By the grace of God, bad things do not always happen to bad people.
Good things do not always happen to good people.
But sometimes, as in the case of this man’s friend, judgment crashes upon the heads of the unrighteous.
And sometimes, as in the case of Job, there is a happy ending.
Blessing is given to the innocent sufferers.
Not always, but sometimes, good things eventually do happen to good people.
Not always, but sometimes bad things happen to bad people.
Not always, but just enough to keep us nervous.
Life is not always fair, but sometimes it is.
Don’t take that as an easy answer.
Notice that even in this feel-good ending there are some shadows.
First, the story does not say that God restored Job’s fortunes and relationships in response to Job’s words of repentance and humility.

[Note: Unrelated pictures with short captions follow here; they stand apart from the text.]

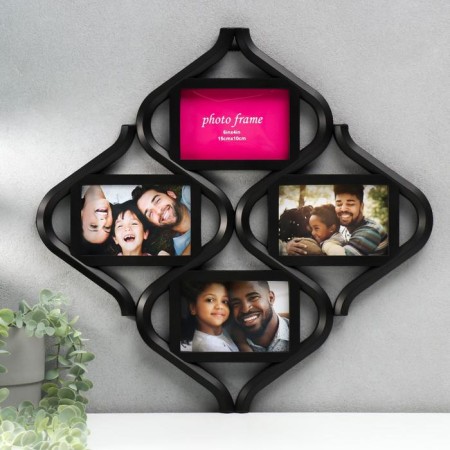 Photo frame plastic in 4 photos 10x15 cm "Sanding clock" Black 38x38 cm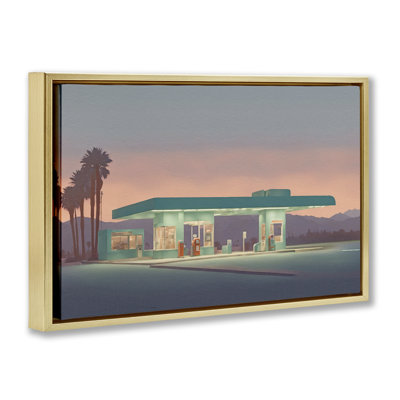 Deserted Gas Station at Sunset  Framed Floater Canvas Wall Art, design by Noah Bay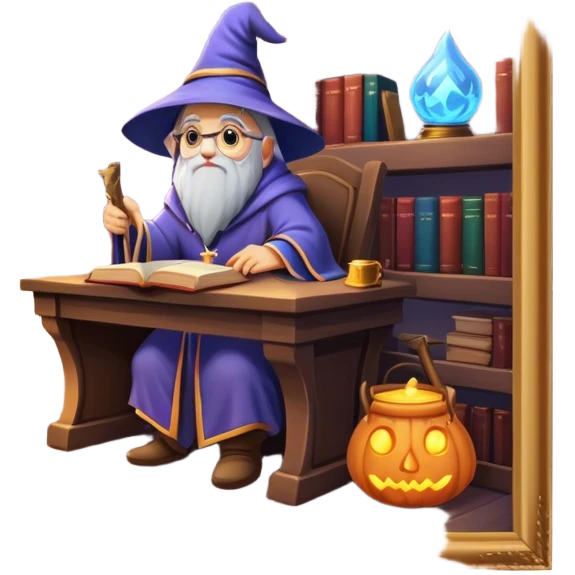 Cozy wizard’s study emoji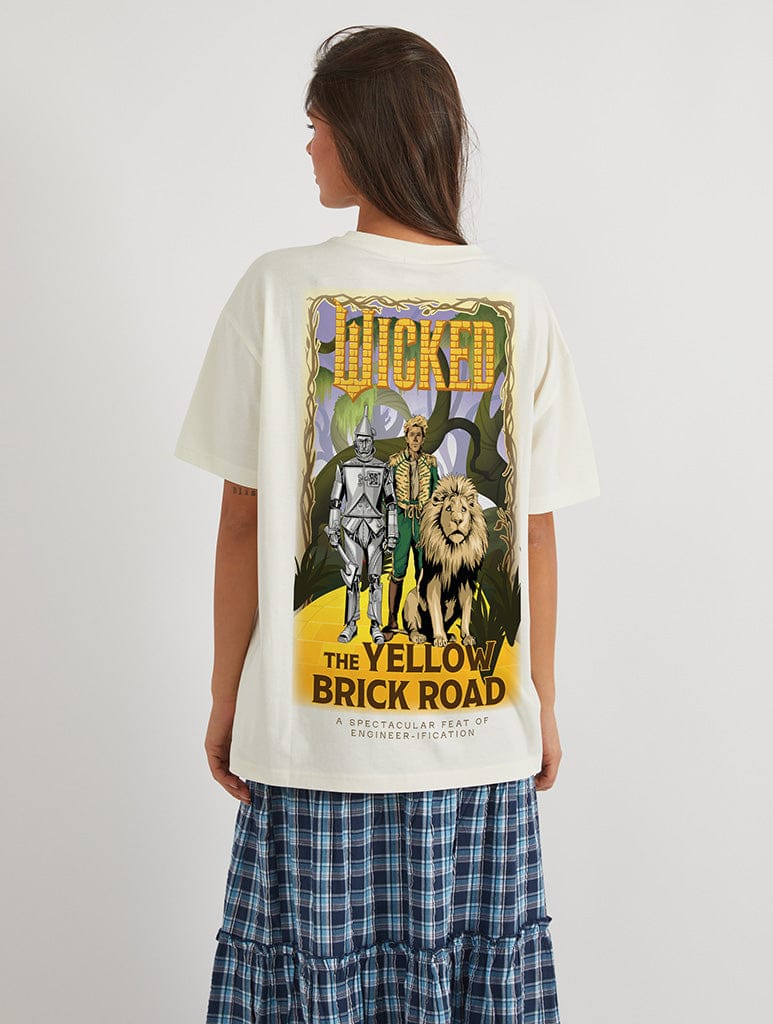 Wicked x Skinnydip Yellow Brick Road Poster T-Shirt In White | Wicked ...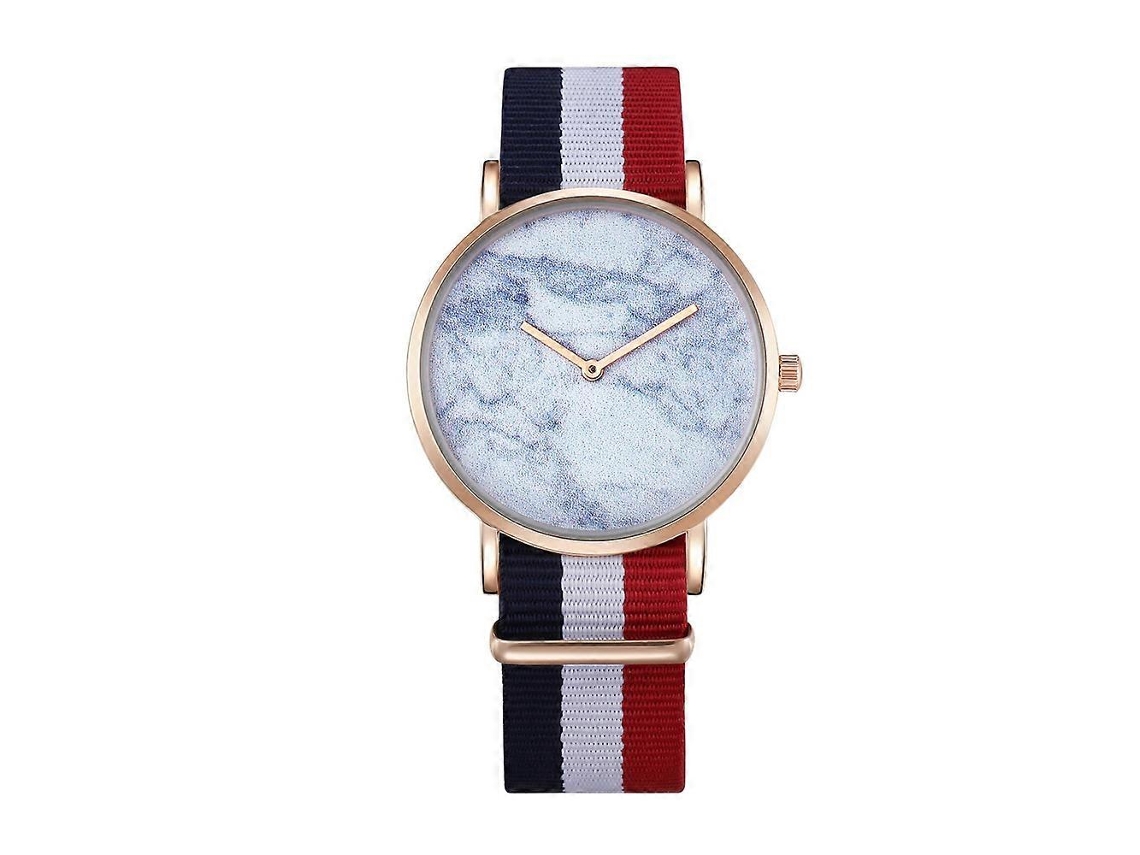 Relógio Masculino Cagarny 6812 Com Mostrador Redondo, Caixa Em Liga Metálica Dourada, Movimento De Quartzo E Pulseira De Nylon.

Instead, God’s reasons for giving things to Job are as unexplained as the reasons they were taken away.
God does not explain suffering, but God does not explain blessing either.
They are twin mysteries.
The sources of each are hidden from our view, beyond our understanding.
If, at the beginning of the story, Job had demanded to know why he had so much, God could have responded with the same dissertation on the crocodile.
It is difficult to imagine Job pressing such questions in the midst of prosperity and happiness — after all, we tend to accept the good that happens to us as a matter of course.
It is only in the end of the story — after we have demanded to know, with Job,, the reasons for suffering — that it occurs to us to question blessing or to grant that it too is cloaked in divine mystery.
Finally, while the first part of this chapter, Job’s final speech before God, tells us of his hard-won change of attitude and his new humility before God, it is in this last section that we learn how that new attitude is lived out.
It is here that we learn how Job is truly transformed.
The proof is in the way he is reconciled with his wife, with his friends, and in the way he treats his children, especially his daughters.
In the first chapter we only hear of Job’s children, their number and their behavior, but no names.
Now we hear of their number and of the names of his three daughters — Dove, Cinnamon, and Horn of Antinomy (a glittering metal used for eye make-up).
His daughters are lifted up to the status of human beings, individuals with names, and we learn that when Job finally dies after many, many years his daughters received an equal share of his inheritance.
What an extraordinary act of faith on Job’s behalf, to resume his life as it was before and risk losing it all again.
To have twice as much as before is to double the risk.
To embrace is wife is to embrace life, in spite of potential suffering and unanswered questions.
To have many children and no answers or assurances can be, in itself, a profound expression of humility and trust.
And to raise them, contrary to the customs of the society around you, to treat each and every person, men or women, as having value and worth and to encourage them all to live life fully trusting in the greatness and majesty and closeness and compassion of God is the sign of a changed man.
It is a man who has learned how precious is life.
It is a man who has learned not to take anything in life for granted.
It is a man who has learned to truly trust God and to fully enjoy the life, all the life, the good and the bad, which God gives him.